━━━━━ DATA EXTRACT ━━━━━

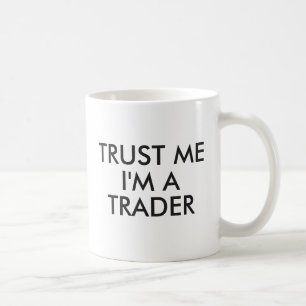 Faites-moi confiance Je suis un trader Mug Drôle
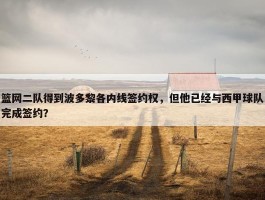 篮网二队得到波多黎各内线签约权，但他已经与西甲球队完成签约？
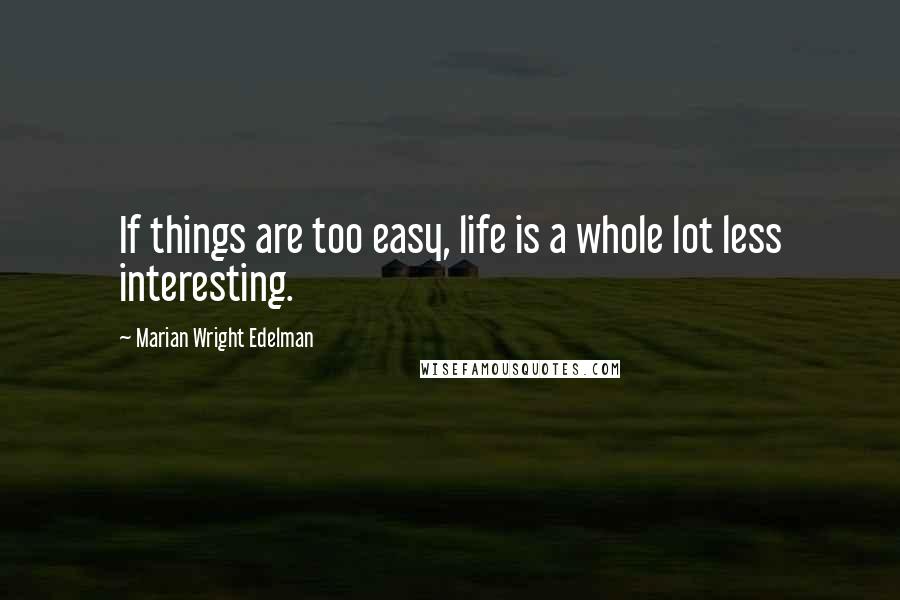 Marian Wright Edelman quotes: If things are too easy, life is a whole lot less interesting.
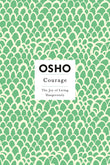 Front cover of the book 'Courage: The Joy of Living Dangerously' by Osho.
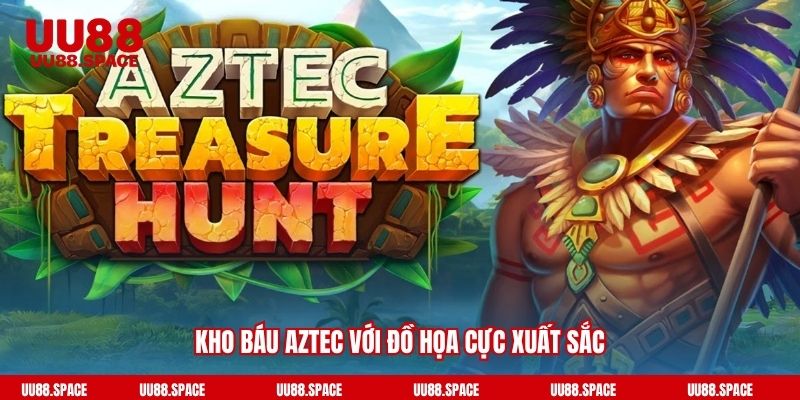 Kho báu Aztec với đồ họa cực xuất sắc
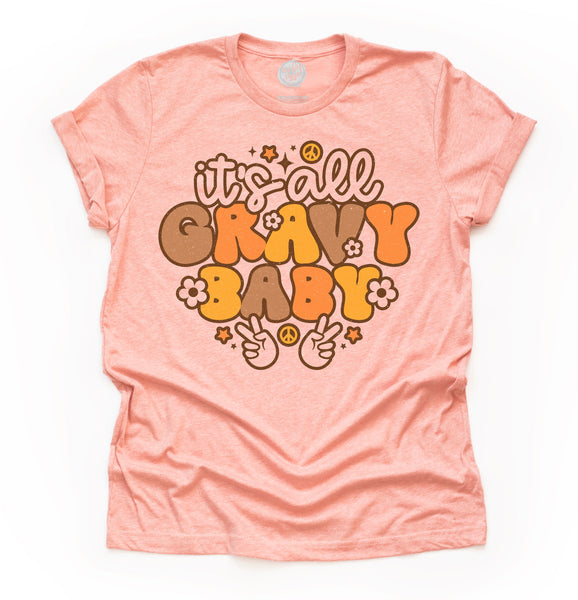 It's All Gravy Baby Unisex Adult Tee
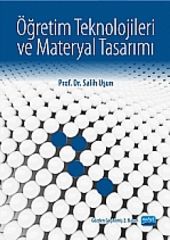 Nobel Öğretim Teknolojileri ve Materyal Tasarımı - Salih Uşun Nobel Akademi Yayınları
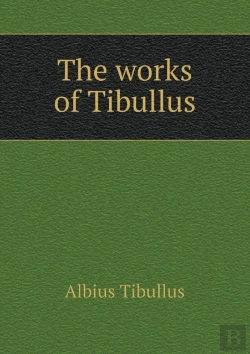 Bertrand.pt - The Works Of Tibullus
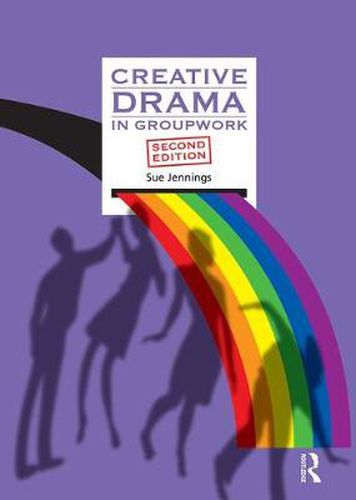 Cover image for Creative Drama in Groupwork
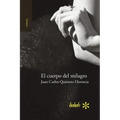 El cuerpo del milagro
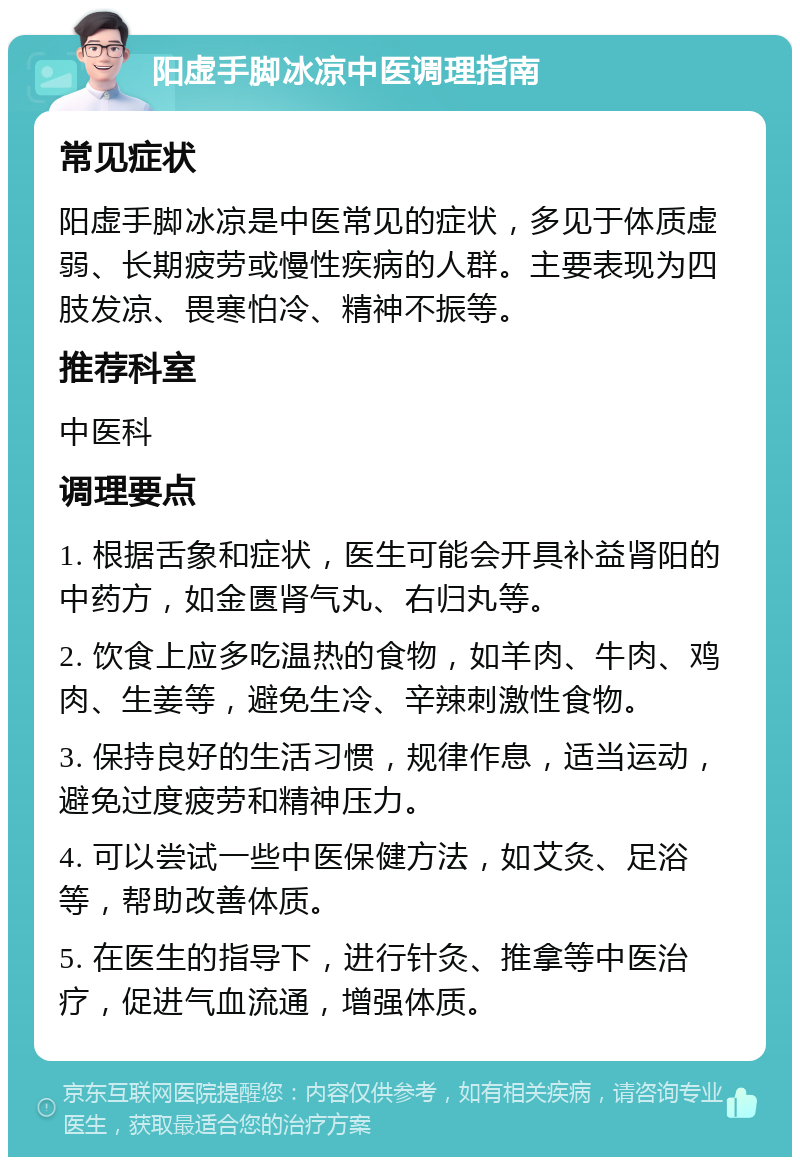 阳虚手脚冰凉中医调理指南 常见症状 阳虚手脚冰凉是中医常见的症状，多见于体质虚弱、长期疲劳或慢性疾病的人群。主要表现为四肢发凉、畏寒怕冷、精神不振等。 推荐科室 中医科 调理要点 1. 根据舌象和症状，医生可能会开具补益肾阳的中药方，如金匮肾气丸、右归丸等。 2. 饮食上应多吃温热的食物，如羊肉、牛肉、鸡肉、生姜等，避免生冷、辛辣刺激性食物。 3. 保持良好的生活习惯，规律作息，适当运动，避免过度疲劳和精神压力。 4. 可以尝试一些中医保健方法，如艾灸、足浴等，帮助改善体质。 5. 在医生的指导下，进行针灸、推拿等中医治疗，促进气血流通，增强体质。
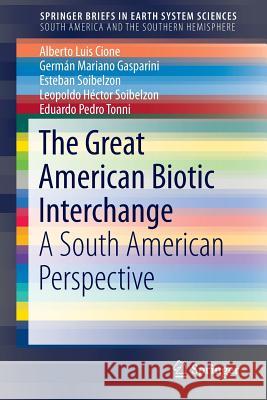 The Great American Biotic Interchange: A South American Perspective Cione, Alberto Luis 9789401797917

━━━━━
━━━━━ DATA EXTRACT ━━━━━

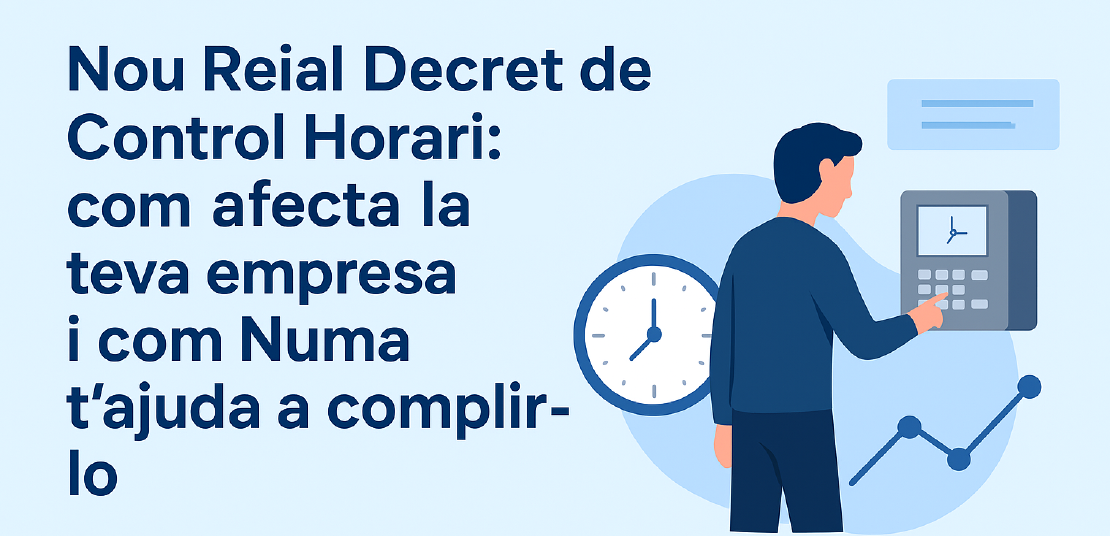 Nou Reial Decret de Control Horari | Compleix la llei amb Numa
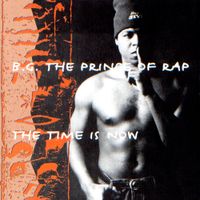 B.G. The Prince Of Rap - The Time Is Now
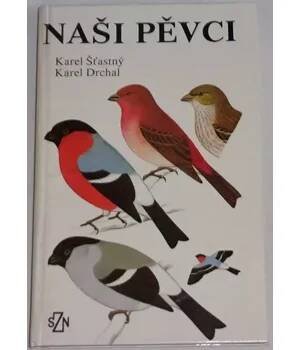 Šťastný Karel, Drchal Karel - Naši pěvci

━━━━━

## WORK TO BE COMPLETED
Find the line with "推荐科室 中医科 调理要点" and the line with "The Great American" in the records above. Copy both and all lines between them exactly, without pictures.

## YOUR RESPONSE
 阳虚手脚冰凉中医调理指南 常见症状 阳虚手脚冰凉是中医常见的症状，多见于体质虚弱、长期疲劳或慢性疾病的人群。主要表现为四肢发凉、畏寒怕冷、精神不振等。 推荐科室 中医科 调理要点 1. 根据舌象和症状，医生可能会开具补益肾阳的中药方，如金匮肾气丸、右归丸等。 2. 饮食上应多吃温热的食物，如羊肉、牛肉、鸡肉、生姜等，避免生冷、辛辣刺激性食物。 3. 保持良好的生活习惯，规律作息，适当运动，避免过度疲劳和精神压力。 4. 可以尝试一些中医保健方法，如艾灸、足浴等，帮助改善体质。 5. 在医生的指导下，进行针灸、推拿等中医治疗，促进气血流通，增强体质。
 The Great American Biotic Interchange: A South American Perspective Cione, Alberto Luis 9789401797917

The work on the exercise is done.